VR&T. Entre le rapprochement de Veolia et Transdev et celui de la DB et Arriva, le secteur des opérateurs est en pleine recomposition, quelle est votre appréciation du contexte concurrentiel, tel qu’il est en train de se dessiner ?
R. R. L’annonce de la fusion entre Veolia et Transdev avait suscité des interrogations au Gart. On s’était exprimé en regrettant un rétrécissement de la concurrence et les conséquences que cela pourrait avoir sur les prix. Nous n’avons pas d’hostilité de principe, nous souhaitons simplement que la concurrence puisse continuer à jouer. Je comprends que les groupes aient besoin de se regrouper pour atteindre une taille critique au niveau mondial. Il reste 3 groupes français, mais les groupes étrangers ne vont pas rester les bras ballants devant nos frontières, ils vont arriver. Un chinois a d’ailleurs repris la gestion du métro de Stockholm. Les groupes ont des soucis à se faire avec cela. De notre point de vue, il faudra voir si la gestion de ces groupes étrangers est à la hauteur de la culture du transport public que nous avons ici en France.
VR&T. Faire en sorte que la concurrence ne soit pas faussée, ce sera aussi le rôle des AOT qui instruisent les appels d’offres…
R. R. On a une partie de la clé, c’est vrai. Le cahier des charges permettra aussi de ne pas prendre systématiquement le moins disant. Mais ce n’est pas si simple, on sait que les contrôles des chambres régionales des comptes s’attachent surtout à l’aspect arithmétique des choses, moins à la conformité de la réponse à un cahier des charges exigeant.

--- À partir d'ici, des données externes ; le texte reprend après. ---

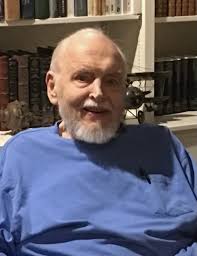 Obituary information for Eric Lee Soesbe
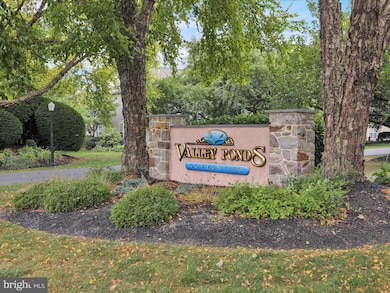 40 Chatham Dr unit 40, Morgantown, PA 19543 - photo 2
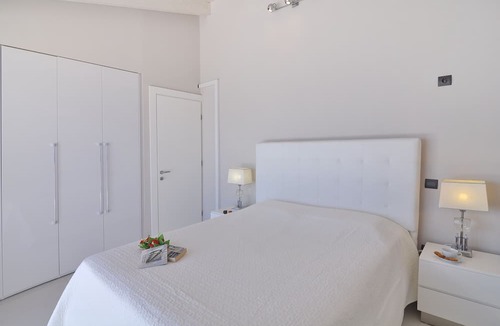 Perama House | Corfu Dream Holidays Villas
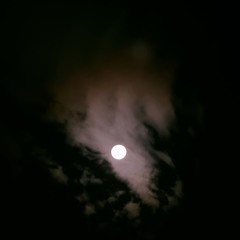 OUTTATIME!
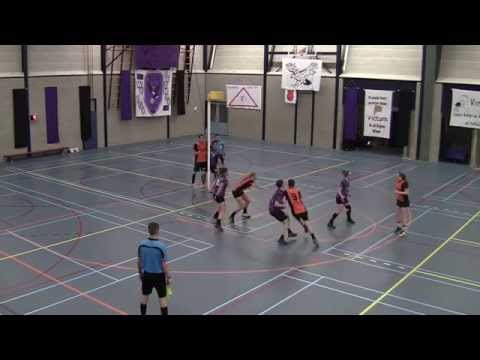 20141221 S1 - RustRoest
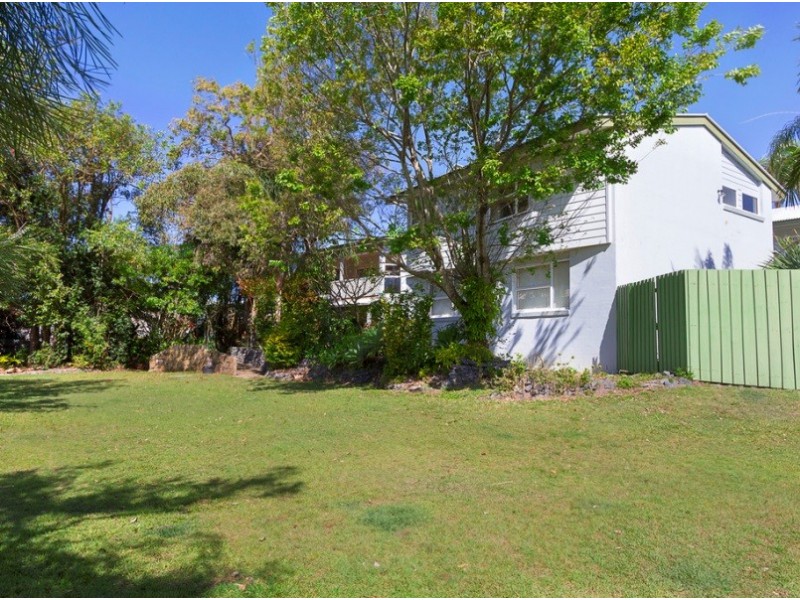 17 King Street, Shelly Beach QLD 4551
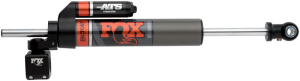 FOX Offroad Shocks - FOX Offroad Shocks FACTORY RACE SERIES 2.0 ATS STABILIZER 983-02-145 - Image 2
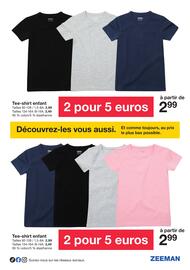 Catalogue Zeeman page 9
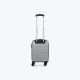 SEANSHOW Kofer hard suitcase 50cm U - 3279C-35-20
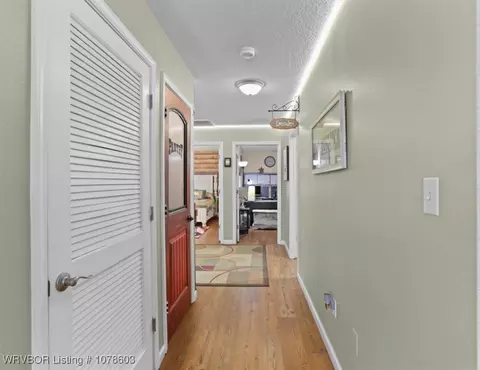303 S 16th St, Lavaca, AR 72941 photo 15
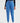 NN610 Ceil Blue Model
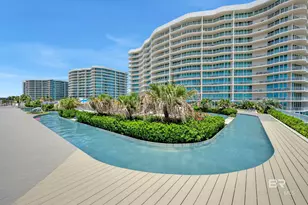 28105 Perdido Beach Blvd, Orange Beach, AL 36561 - Photo 17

VR&T. Et si un nouvel opérateur européen, comme la DB-Arriva arrivait sur le marché en installant une véritable filiale française, de votre point de vue ce serait une bonne nouvelle ?
R. R. On a une concurrence intra-européenne ouverte et libre, qui peut permettre d’obtenir des prix raisonnables, mais préservons la spécificité et la qualité de nos transports. A ce sujet, je n’ai aucun doute sur les Allemands, venant de plus loin ce n’est peut-être pas si évident.
VR&T. Qu’attendez vous des groupes, que peuvent-ils améliorer dans le service qu’ils apportent aux collectivités ?
R. R. Il y a une différence de nature et de fonction entre les AOT et les opérateurs de transport qui doit être marquée sous peine de dérives. Mais une fois cette distinction des fonctions établie, il me semble que le dialogue doit être mieux organisé. On ne peut pas juste avoir une AOT souveraine qui définit son cahier des charges dans son coin, puis le fait appliquer. L’AOT a besoin de l’approche pragmatique des gestionnaires de réseau pour faire un cahier des charges qui soit adapté au contexte local et aux réalités financières. Je plaide donc pour plus de proximité, l’AOT doit être éclairée par la profession, qui, en retour, doit comprendre les contraintes politiques, au sens service public du terme, des AOT.